Commemorandolo ai trent’anni dall’assassinio, Ferruccio de Bortoli ricorda sul “Corriere” che la sera prima dell’attentato Walter Tobagi presiedeva un incontro al Circolo della stampa di Milano. Si discuteva del caso Isman, di Fabio Isman che era stato carcerato per aver pubblicato un dossier dei sevizi segreti dai quali una manina previdente aveva strappato la pagina che parlava di Marco Donat Cattin. L’aveva strappata per concentrare l’attenzione sulla pagina mancante, e cioè sul presidente del consiglio Cossiga che del figlio terrorista avrebbe reso edotto il padre ministro, e che qualcuno voleva sloggiare da palazzo Chigi. Ma questo il direttore del “Corriere della sera” non lo ricorda, benché l’argomento sia attualissimo e in discussione alla Camera: della disinformazione che interessi coperti, politici o giudiziari, fanno passare come controinformazione o libertà d’informazione.

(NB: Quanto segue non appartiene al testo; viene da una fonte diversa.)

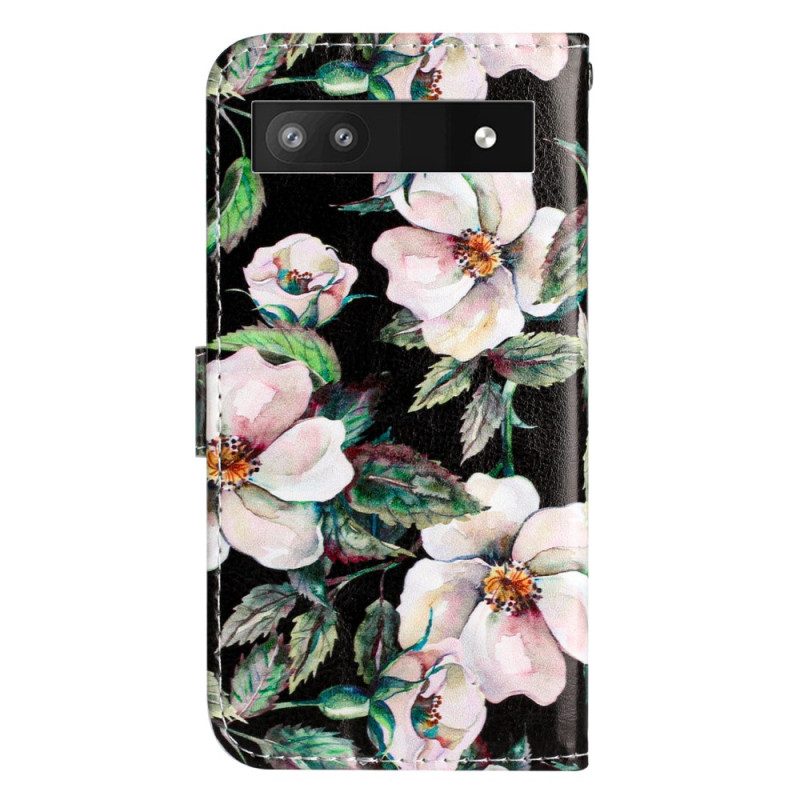 Folio-hoesje voor Google Pixel 7A Met Ketting Riem Magnolia's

Il tema della disinformazione allora non era la corruzione ma il terrorismo. Il dibattito al Circolo della stampa fu infuocato, e Tobagi personalmente fu fatto fatto oggetto di ripetute aggressioni verbali. Di cui la traccia è stata fatta sparire, con i nastri della registrazione del dibattito. Neanche questo de Bortoli nel suo commosso articolo ricorda. Il “sovietismo che non c’è” controlla ancora via Solferino? Tobagi disse tra l’altro, in questo discorso al Circolo della stampa che non si ripubblica, nemmeno nel libro della figlia Benedetta: “C’è un imbarbarimento della società italiana che tocca tutti. Ma sappiamo come nasce, e non possiamo meravigliarci ogni volta che ne scopriamo gli effetti”. Si commemorano i morti, anche nel caso di Tobagi, per ipocrita autocelebrazione, senza mai rispetto per la verità.
È certamente lecito per Ferruccio de Bortoli celebrare Tobagi, è uno dei pochi giornalisti italiani a specchiarne l’autonomia di giudizio. Un po’ meno per il giornale e per l’editore: impadronirsi del morto è vecchia pratica gesuitica, non commendevole, specie quando il morto viene celebrato dopo qualche anno e in certi momenti, l’opportunismo cozza con l’onestà intellettuale che è il segno di Tobagi. Sulla disinformazione, i dossier che inquinano l’opinione, i tanti “documenti” che i giornali pubblicano per pettegolezzo, o per obbedire a logiche segrete o di parte, il pensiero di Tobagi è ben sintetizzato da Franco Abruzzo nella prefazione a Federica Mazza, “La storia del sindacato dei giornalisti da Francesco de Sanctis a Walter Tobagi”, Scheiwiller, 2005:
“Contro i rischi della superinformazione e della diffusione di notizie di «padre ignoto», si alza ammonitrice la voce di Walter Tobagi, del Tobagi dell’ultimo dibattito al Circolo della Stampa di Milano. Era il 27 maggio 1980. Un discorso ancora oggi attualissimo. Non dobbiamo confondere controinformazione e superinformazione, consapevoli anche che l'apparente controinformazione potrebbe essere «un servizio prestato a una superinformazione di cui sfuggono completamente fini e modalità». Se cade in questo errore, diceva Tobagi, «il giornalista deve chiedersi se fa un servizio giornalistico o se fa un altro servizio, che nel caso specifico è assai meno nobile». Il lettore non può essere destinatario di notizie di «padre ignoto». Al lettore si deve anche dire la fonte che ha diffuso l’informazione «perché se non si fa questo i giornali rischiano di diventare degli strumenti che servono per combattere battaglie per conto terzi». Tobagi suggeriva una via d’uscita alla crisi dei rapporti giudici-giornalisti: dibattimenti rapidi in modo tale che i giudici non siano costretti a nascondere le notizie e i giornalisti non siano costretti a scrivere articoli sulla base di pochi dati. Era il 27 maggio 1980. Nove anni dopo è entrato in vigore il nuovo rito processuale penale. Le cose non sono migliorate. I processi sono sempre lenti. Dai Palazzi di Giustizia continuano a uscire molte notizie di «padre ignoto»”.